Your assignment - Transcribe exactly the stretch of lines beginning at the one containing "3000 N Ocean Blvd. Photo 12" and closing with the last line of the entries below. Omit images.
[Opening Entries shown section]
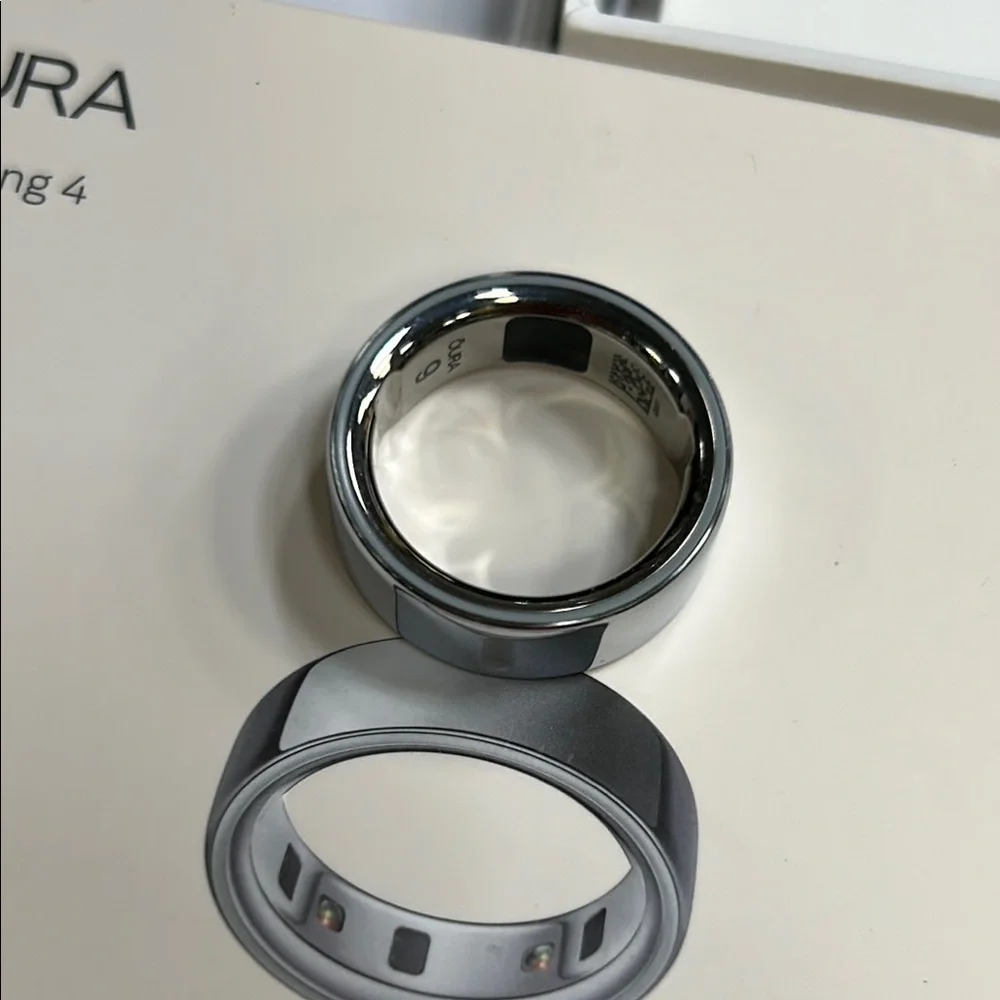 Oura Silver Smart Ring Advanced Wearable Technology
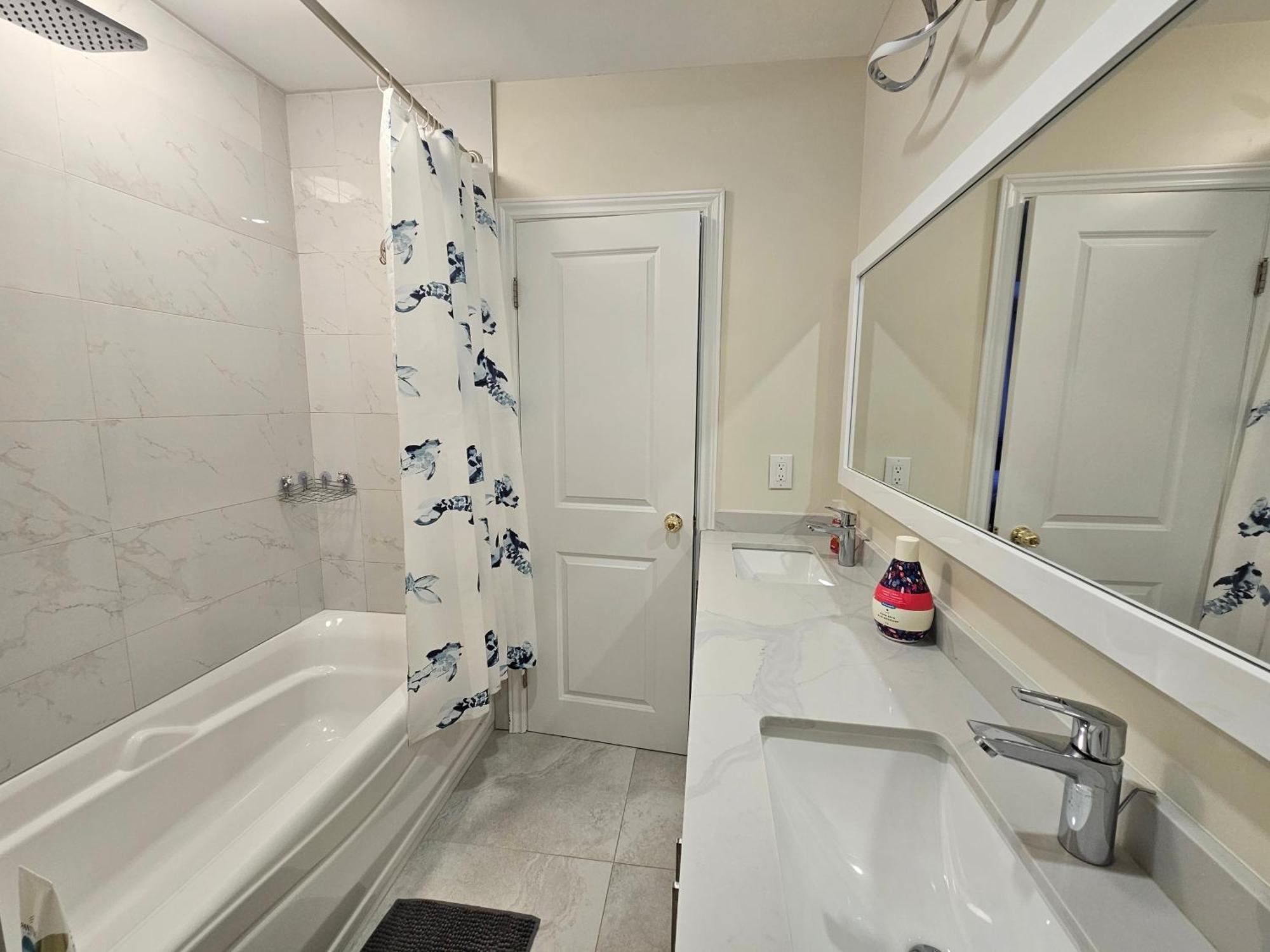 Newly-Renovated 3Br House, 12 Minutes To Airport Διαμέρισμα Τορόντο Εξωτερικό φωτογραφία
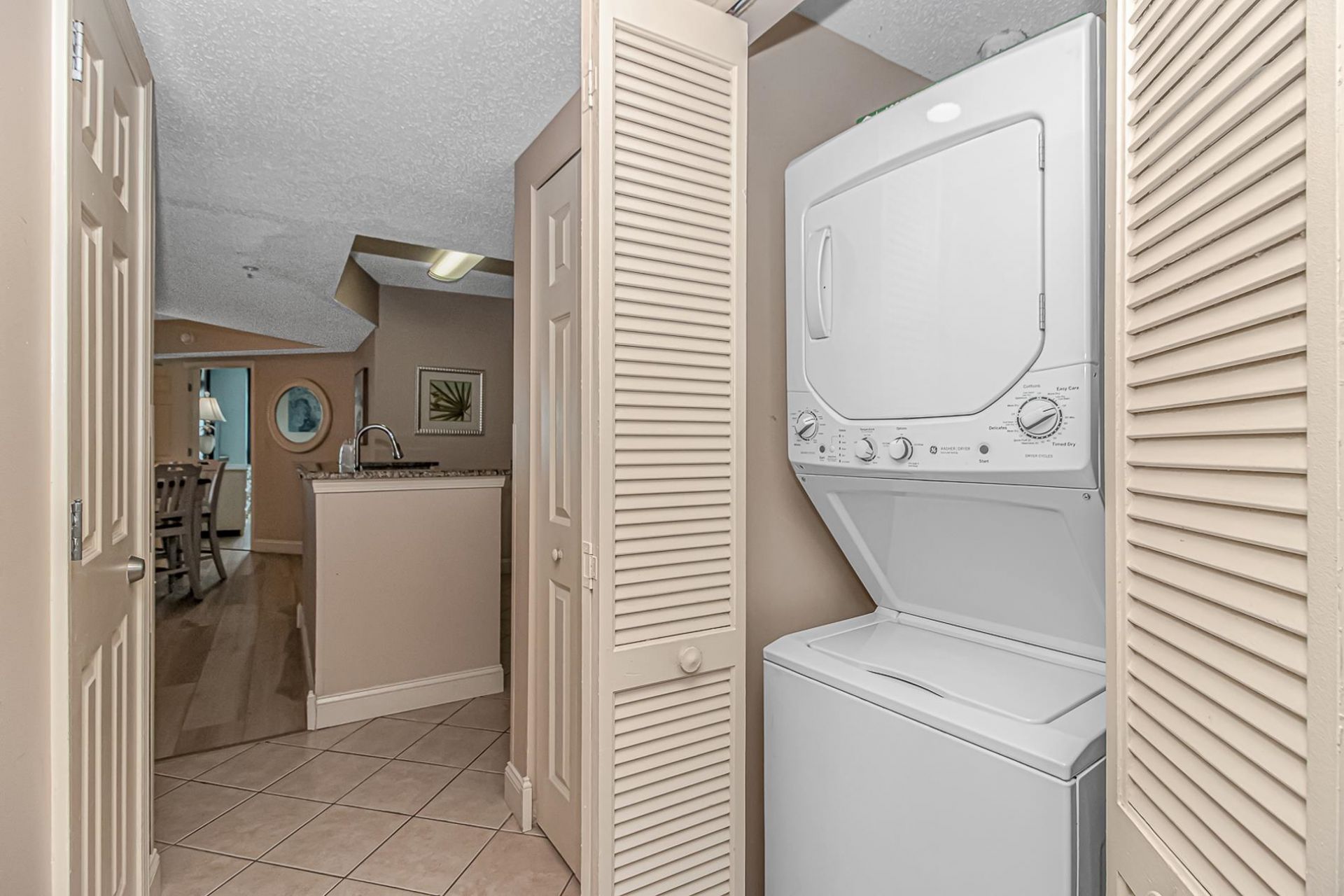 3000 N Ocean Blvd. Photo 12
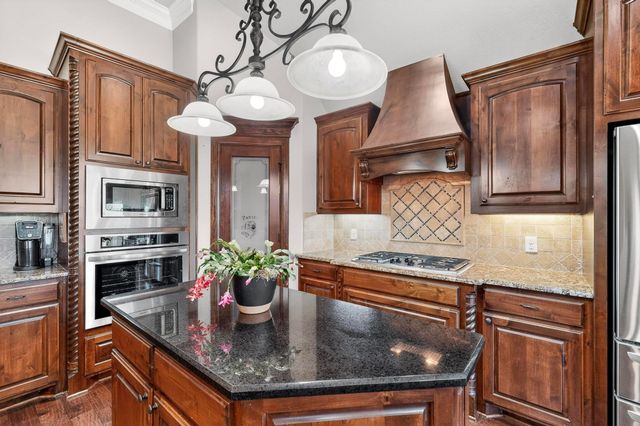 3445 Abes Landing Drive, Granbury, TX 76049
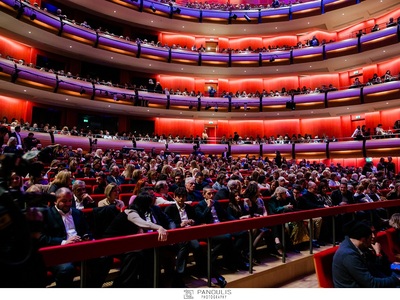 Πρωτοφανής η κοσμοσυρροή 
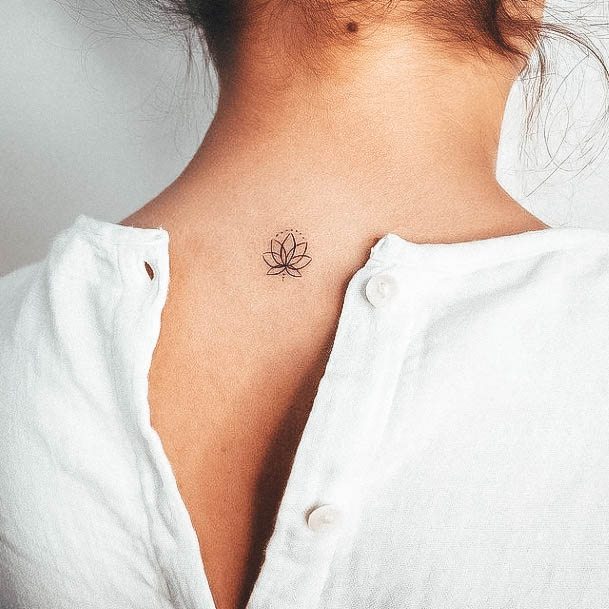 Womens Simple Flower Tattoo Ideas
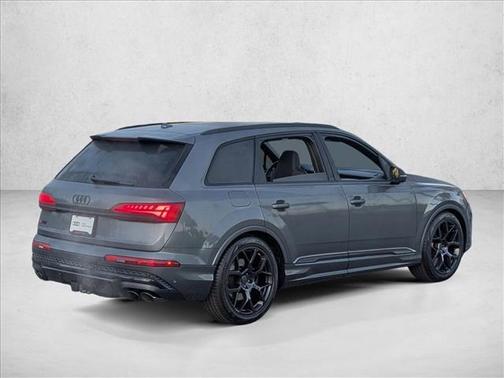 2026 Audi SQ7 4.0T Premium Plus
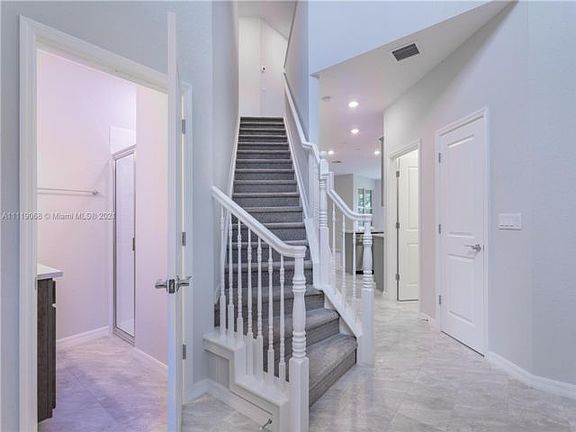 4th image of 3783 Greenway Dr #All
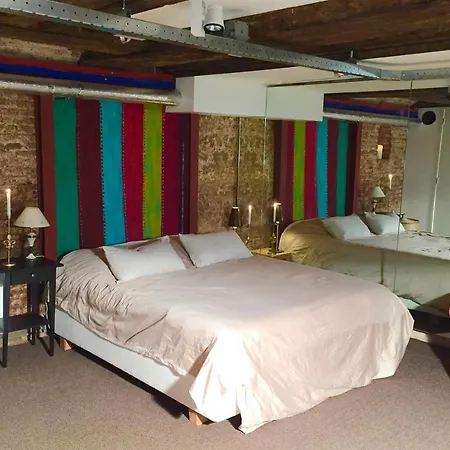 Top-notch Along Canal In Historic Centre Bed & Breakfast 2*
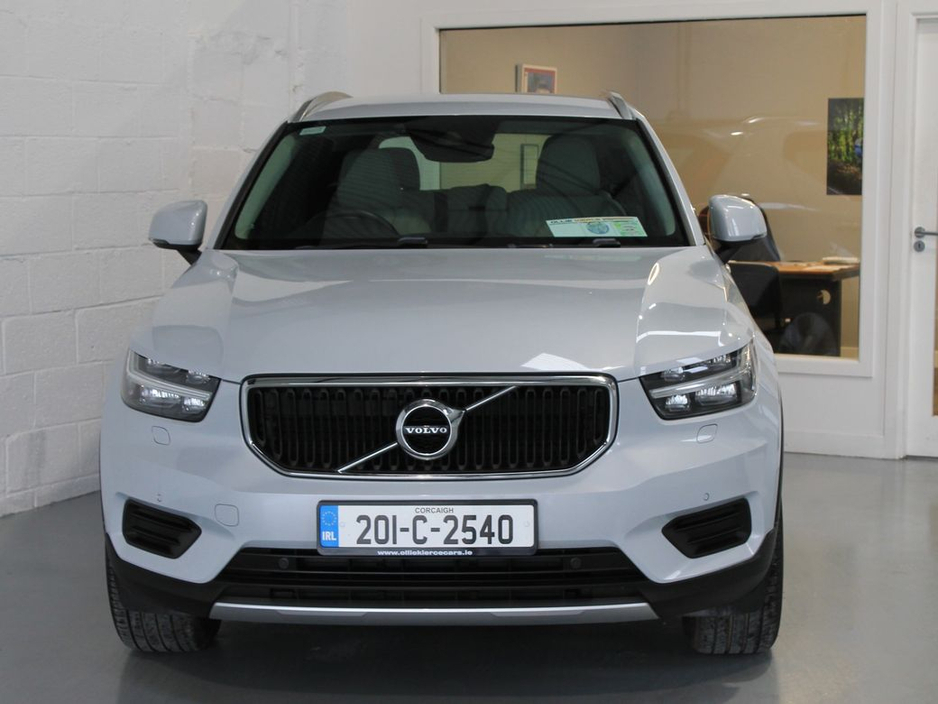 2020 Volvo XC40 - image 2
[Closing Entries shown section]
Problem solution -
 3000 N Ocean Blvd. Photo 12
 3445 Abes Landing Drive, Granbury, TX 76049
 Πρωτοφανής η κοσμοσυρροή 
 Womens Simple Flower Tattoo Ideas
 2026 Audi SQ7 4.0T Premium Plus
 4th image of 3783 Greenway Dr #All
 Top-notch Along Canal In Historic Centre Bed & Breakfast 2*
 2020 Volvo XC40 - image 2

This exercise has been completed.